No convictions on MPI charges

A Southland farmer burst into tears when he heard he was discharged without conviction on charges brought by the Ministry for Primary Industries (MPI).

Alphonsus Cornelis Maria Zeestraten appeared yesterday at Invercargill District Court for sentencing on two charges, one in his name, the other on behalf of his company, Southern Centre Dairies.

The two charges were the same — strict liability after failing to comply with section 25 (8) of the Biosecurity Act 1993 by not acting in the terms of the Biosecurity Authority/Clearance Certificate which required a container to be placed in a transitional facility and to be inspected.

The charges were related to the importation of a container from the Netherlands that was supposed to be inspected and transferred to a transitional facility.
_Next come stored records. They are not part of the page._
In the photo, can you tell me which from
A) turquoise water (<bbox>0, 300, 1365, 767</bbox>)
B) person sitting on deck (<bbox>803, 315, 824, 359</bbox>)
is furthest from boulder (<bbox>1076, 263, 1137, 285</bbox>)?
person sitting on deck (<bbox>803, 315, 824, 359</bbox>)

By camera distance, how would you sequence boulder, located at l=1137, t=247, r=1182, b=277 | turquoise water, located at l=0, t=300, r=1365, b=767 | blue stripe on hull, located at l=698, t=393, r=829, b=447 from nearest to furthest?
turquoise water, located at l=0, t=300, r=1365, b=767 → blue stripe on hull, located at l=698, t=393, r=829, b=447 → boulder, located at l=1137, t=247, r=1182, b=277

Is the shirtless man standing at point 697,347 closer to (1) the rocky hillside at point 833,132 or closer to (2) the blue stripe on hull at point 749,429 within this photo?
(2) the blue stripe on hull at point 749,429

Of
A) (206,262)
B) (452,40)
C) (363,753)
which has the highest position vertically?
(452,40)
During the hearing, defence lawyer Garth Gallaway specifically made a point of saying when Zeestraten’s farm was placed under common restrictions due to Mycoplasma bovis at the same time as the separate MPI investigation on the importation of the container, incorrect rumours that his farm was at the centre of the outbreak caused extra hardship for his client.

Mr Gallaway also said a conviction could result in MPI’s refusal to pay compensation offered to farmers who suffered a verifiable loss from the Mycoplasma bovis response.

MPI prosecutor Pip Norman said the hearing outcome would not influence MPI’s compensation decision, but believed the judge would be undermining the Biosecurity Act if he discharged Zeestraten without conviction.

Judge Cameron Walker disagreed and said Zeestraten did not need a further fine as he had already suffered severe hardship through reputational damage from the incorrect rumours, the end of personal relationships and having to sell farms and his family home.

"The outcome of all of this to Mr Zeestraten and his family has been devastating and everything they worked for the last 25 years has largely gone."

Zeestraten declined to comment after the hearing.